Course: CS176C — Advanced Topics in Internet Computing, Spring 2026
Instructor: Arpit Gupta, UC Santa Barbara
Date: April 7, 2026
Slides: Deployed slide deck
Pre-requisite: L2 (Four Invariants and the TCP Dependency Chain)


From diagnosis to design

Lecture 2 established the four invariants — State, Time, Coordination, Interface — as a diagnostic tool: given any networked system, trace its dependency chain and the reasons behind each design choice become visible. TCP’s chain ran Interface → Coordination → State → Time, and in tracing it students saw Jacobson separate the congestion window from the receiver window, saw AIMD as a feedback loop, saw why the finite-state machine had to be distributed. Those were design decisions, not just architectural facts. But Lecture 2 never named the patterns that produced them or asked whether those patterns recur elsewhere.

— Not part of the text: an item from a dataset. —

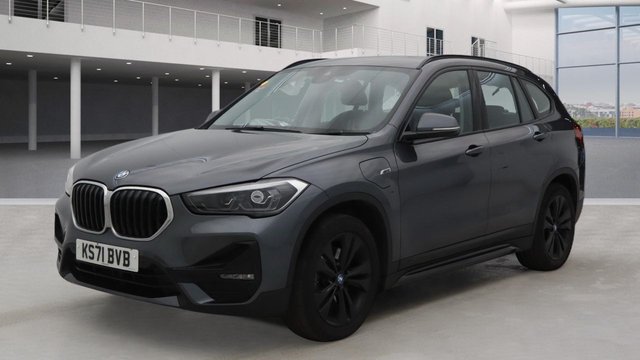 2022 BMW X1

Today completes the toolkit. Three design principles — disaggregation, closed-loop reasoning, and decision placement — explain how solutions get constructed. A single backstory demonstrates all three: the journey from zero infrastructure to a routable, nameable Internet. If the same patterns that built TCP also built routing — different pioneers, different problems, different constraints — then they are structural principles, not TCP-specific tricks.

LectureToolCapability
Lecture 2Four invariantsDiagnose — trace any system’s dependency chain
Lecture 3Three design principlesConstruct — explain how pioneers built solutions
Lecture 4Constraint-shift predictionPredict — what breaks when the environment changes

The connection to Lecture 2 is explicit. Students already witnessed the three principles at work inside TCP: Jacobson separated cwnd from the receiver window (disaggregation), AIMD is a feedback loop of send → observe → adjust → send (closed-loop reasoning), and the FSM is distributed because no central entity controls the Internet (decision placement). Today the same three patterns appear in a completely different system — routing — built by different pioneers, solving different problems, under different constraints.


The constraint that shaped everything: survivability

Before any routing algorithm, before any Interface Message Processor, the constraint came first.

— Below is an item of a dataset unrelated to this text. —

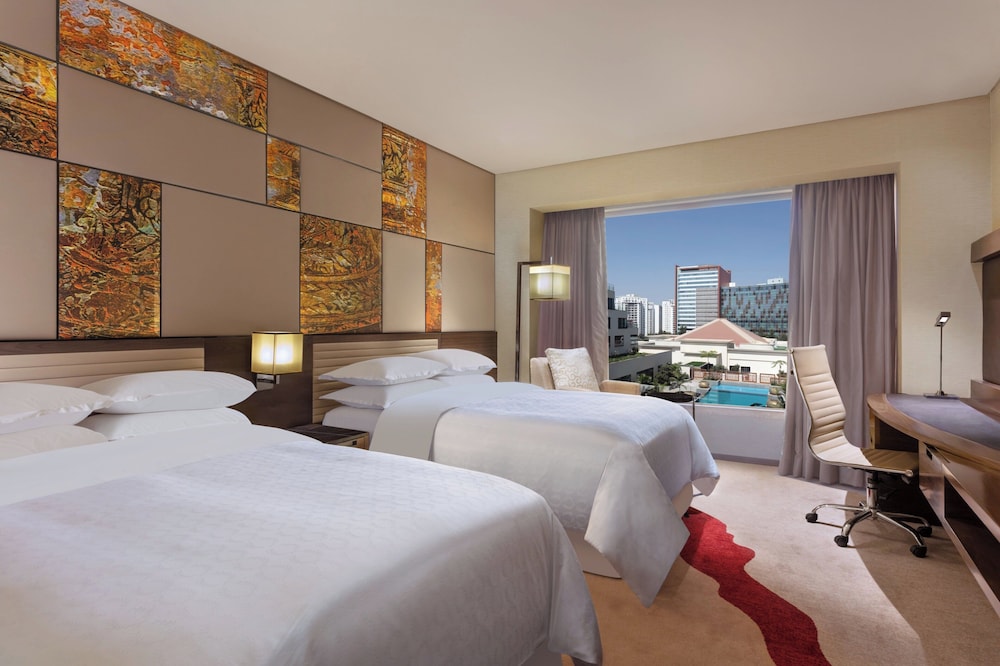 Club Room, 2 Twin Beds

“Let us consider the synthesis of a communication network which will allow several hundred major communications stations to talk with one another after an enemy attack.” — Baran, 1964 [1]

Baran proved that a distributed mesh with just three to four links per node survives heavy attack, while a centralized hub — a star topology — does not. Destroy the center, destroy the network. This is the binding constraint that shapes everything that follows: the network must function without any central point of control [1].

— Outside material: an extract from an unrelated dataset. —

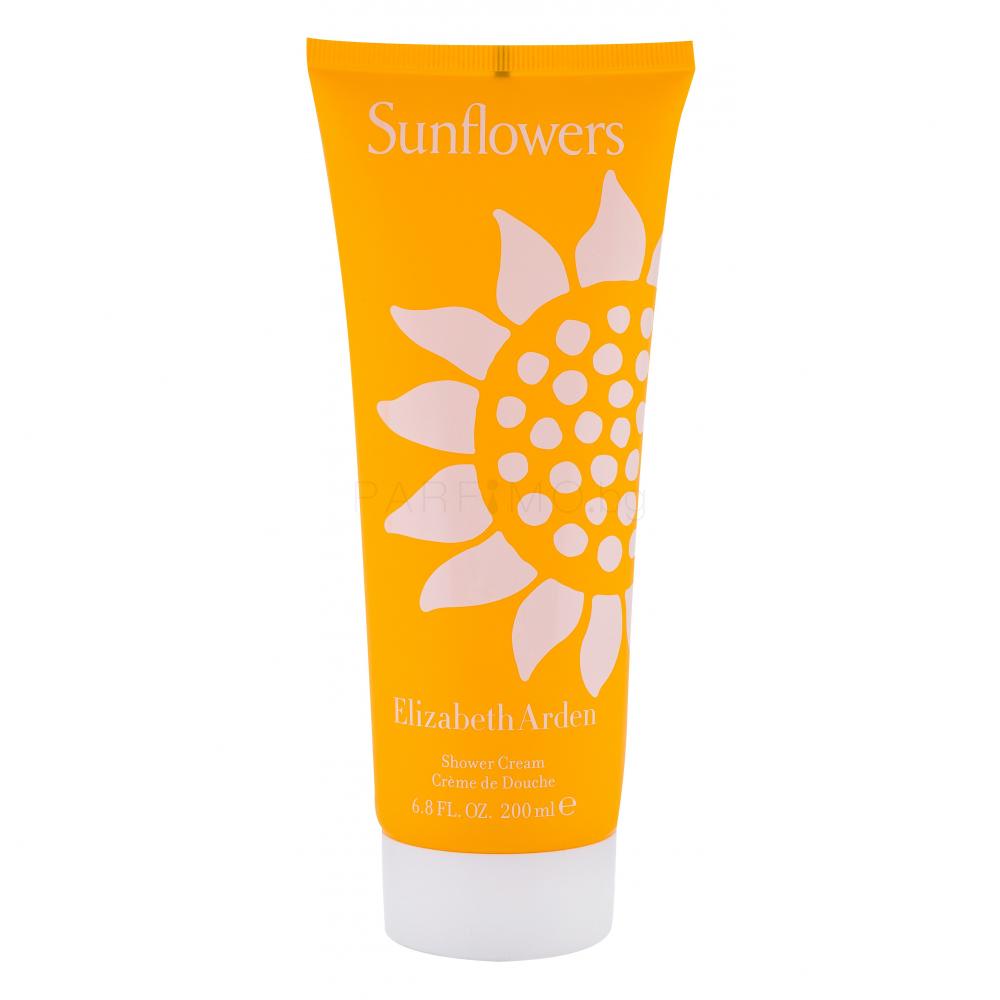 Elizabeth Arden Sunflowers Душ крем за жени 200 ml Parfimo.bg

The choice of topology resolves through a three-way tension among survivability, cost, and routing complexity:

TopologySurvivabilityCost (links for N nodes)Routing complexity
Star1 failure kills everything (hub)N−1 links (cheap)Trivial — hub forwards everything
Ring1 link break → network splitsN links (cheap)Simple — forward clockwise or counter
Full meshSurvives up to N−2 failuresN(N−1)/2 links (100 nodes = 4,950)Trivial — direct link to every destination
Irregular meshSurvives most single failures~2–3 links per nodeHard — must compute paths through intermediaries

Star is cheapest but violates Baran’s constraint — one failure kills everything. Full mesh is safest but cost is quadratic: 4,950 links for 100 nodes at $1,000/month each is $5M/month in 1969 dollars. Irregular mesh is the Goldilocks zone: sparse enough to afford, redundant enough to survive — but routing becomes the hard problem [1].


The ARPANET: four IMPs, sparse mesh, and the routing problem

The first ARPANET consisted of four IMPs in an irregular mesh with roughly two links per node. Each IMP was a Honeywell DDP-516 minicomputer with 12 KB of RAM. In 1969, protocol layers did not exist (OSI arrived in 1980). The IMP was router, modem, and host interface all in one box — the machine that moves packets [2].

“Economic considerations mitigate against a fully connected configuration.” — Heart et al., 1970 [2]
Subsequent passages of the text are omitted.